### WORK TO COMPLETE
What is needed is every line, exactly as given, from the line containing "Chaveiro Torre-de-granja-maria-doce-branca Aniversário" through the end of the data below.

### Records contained in a dataset
▶

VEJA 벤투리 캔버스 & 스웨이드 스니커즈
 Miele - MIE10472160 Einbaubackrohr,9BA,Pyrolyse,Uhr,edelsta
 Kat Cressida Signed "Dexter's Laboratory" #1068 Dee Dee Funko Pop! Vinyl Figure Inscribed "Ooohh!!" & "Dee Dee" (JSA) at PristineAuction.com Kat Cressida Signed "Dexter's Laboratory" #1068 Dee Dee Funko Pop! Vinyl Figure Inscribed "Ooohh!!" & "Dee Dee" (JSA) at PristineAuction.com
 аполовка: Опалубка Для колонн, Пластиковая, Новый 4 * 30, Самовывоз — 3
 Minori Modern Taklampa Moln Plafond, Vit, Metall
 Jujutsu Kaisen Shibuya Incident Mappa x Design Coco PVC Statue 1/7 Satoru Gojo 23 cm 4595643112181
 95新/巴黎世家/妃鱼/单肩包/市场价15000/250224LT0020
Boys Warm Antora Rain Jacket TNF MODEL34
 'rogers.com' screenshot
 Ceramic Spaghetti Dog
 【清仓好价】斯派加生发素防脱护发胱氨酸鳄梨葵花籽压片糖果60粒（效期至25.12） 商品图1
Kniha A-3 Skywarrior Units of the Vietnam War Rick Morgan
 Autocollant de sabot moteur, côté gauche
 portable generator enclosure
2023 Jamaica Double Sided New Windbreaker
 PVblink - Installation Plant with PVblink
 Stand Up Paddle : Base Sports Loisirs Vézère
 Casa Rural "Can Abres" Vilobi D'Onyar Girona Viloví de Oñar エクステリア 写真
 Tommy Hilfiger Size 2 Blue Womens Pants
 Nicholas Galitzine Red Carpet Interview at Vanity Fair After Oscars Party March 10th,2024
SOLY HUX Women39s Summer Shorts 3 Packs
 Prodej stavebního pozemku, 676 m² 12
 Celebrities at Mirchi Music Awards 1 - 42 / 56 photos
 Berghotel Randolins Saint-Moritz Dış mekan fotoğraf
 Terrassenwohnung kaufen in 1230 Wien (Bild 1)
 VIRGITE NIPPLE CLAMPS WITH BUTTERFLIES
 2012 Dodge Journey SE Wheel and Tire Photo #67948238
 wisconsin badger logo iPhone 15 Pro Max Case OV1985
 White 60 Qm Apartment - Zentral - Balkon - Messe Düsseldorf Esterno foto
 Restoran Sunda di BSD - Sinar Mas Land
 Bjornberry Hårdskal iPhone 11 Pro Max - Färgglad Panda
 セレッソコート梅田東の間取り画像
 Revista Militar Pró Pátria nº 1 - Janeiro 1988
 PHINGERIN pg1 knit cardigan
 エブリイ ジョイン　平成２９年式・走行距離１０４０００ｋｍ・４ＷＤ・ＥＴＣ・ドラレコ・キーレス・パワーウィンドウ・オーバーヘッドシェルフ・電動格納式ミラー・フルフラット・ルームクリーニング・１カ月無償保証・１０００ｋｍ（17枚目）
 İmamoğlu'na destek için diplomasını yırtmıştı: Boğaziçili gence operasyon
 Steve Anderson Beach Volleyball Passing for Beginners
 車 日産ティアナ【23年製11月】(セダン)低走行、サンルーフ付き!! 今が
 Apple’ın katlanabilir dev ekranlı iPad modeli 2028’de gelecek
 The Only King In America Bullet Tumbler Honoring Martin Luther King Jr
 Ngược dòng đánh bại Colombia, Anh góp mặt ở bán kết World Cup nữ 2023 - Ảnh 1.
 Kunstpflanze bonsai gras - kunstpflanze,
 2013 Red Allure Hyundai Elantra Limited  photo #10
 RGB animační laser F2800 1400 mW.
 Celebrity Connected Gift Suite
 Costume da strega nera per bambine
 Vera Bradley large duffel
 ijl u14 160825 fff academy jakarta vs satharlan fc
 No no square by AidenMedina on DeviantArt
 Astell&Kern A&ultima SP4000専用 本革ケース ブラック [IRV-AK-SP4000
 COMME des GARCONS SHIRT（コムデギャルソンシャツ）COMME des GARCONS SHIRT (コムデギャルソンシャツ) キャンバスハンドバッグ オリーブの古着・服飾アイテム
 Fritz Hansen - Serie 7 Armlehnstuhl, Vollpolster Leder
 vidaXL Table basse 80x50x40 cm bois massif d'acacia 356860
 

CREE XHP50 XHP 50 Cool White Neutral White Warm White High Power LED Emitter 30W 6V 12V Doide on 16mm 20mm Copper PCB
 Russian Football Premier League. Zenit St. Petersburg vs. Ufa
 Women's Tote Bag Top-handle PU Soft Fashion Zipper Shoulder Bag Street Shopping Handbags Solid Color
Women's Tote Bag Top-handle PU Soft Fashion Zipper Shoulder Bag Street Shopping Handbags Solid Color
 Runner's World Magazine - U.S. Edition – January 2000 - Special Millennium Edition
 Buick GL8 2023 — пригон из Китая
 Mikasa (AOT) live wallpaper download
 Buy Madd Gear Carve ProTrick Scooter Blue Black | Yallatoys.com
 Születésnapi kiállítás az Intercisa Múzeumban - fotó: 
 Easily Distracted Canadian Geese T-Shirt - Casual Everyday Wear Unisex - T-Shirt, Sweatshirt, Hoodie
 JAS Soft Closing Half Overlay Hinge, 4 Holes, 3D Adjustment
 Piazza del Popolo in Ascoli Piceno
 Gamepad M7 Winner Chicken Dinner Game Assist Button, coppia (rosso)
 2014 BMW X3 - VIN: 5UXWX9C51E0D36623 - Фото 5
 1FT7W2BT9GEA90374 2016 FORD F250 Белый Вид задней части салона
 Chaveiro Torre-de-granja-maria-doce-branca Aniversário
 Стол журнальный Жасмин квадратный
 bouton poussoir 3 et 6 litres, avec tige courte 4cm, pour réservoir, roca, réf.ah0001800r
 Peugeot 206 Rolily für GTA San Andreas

◀

### PROBLEM SOLUTION
 Chaveiro Torre-de-granja-maria-doce-branca Aniversário
 Стол журнальный Жасмин квадратный
 bouton poussoir 3 et 6 litres, avec tige courte 4cm, pour réservoir, roca, réf.ah0001800r
 Peugeot 206 Rolily für GTA San Andreas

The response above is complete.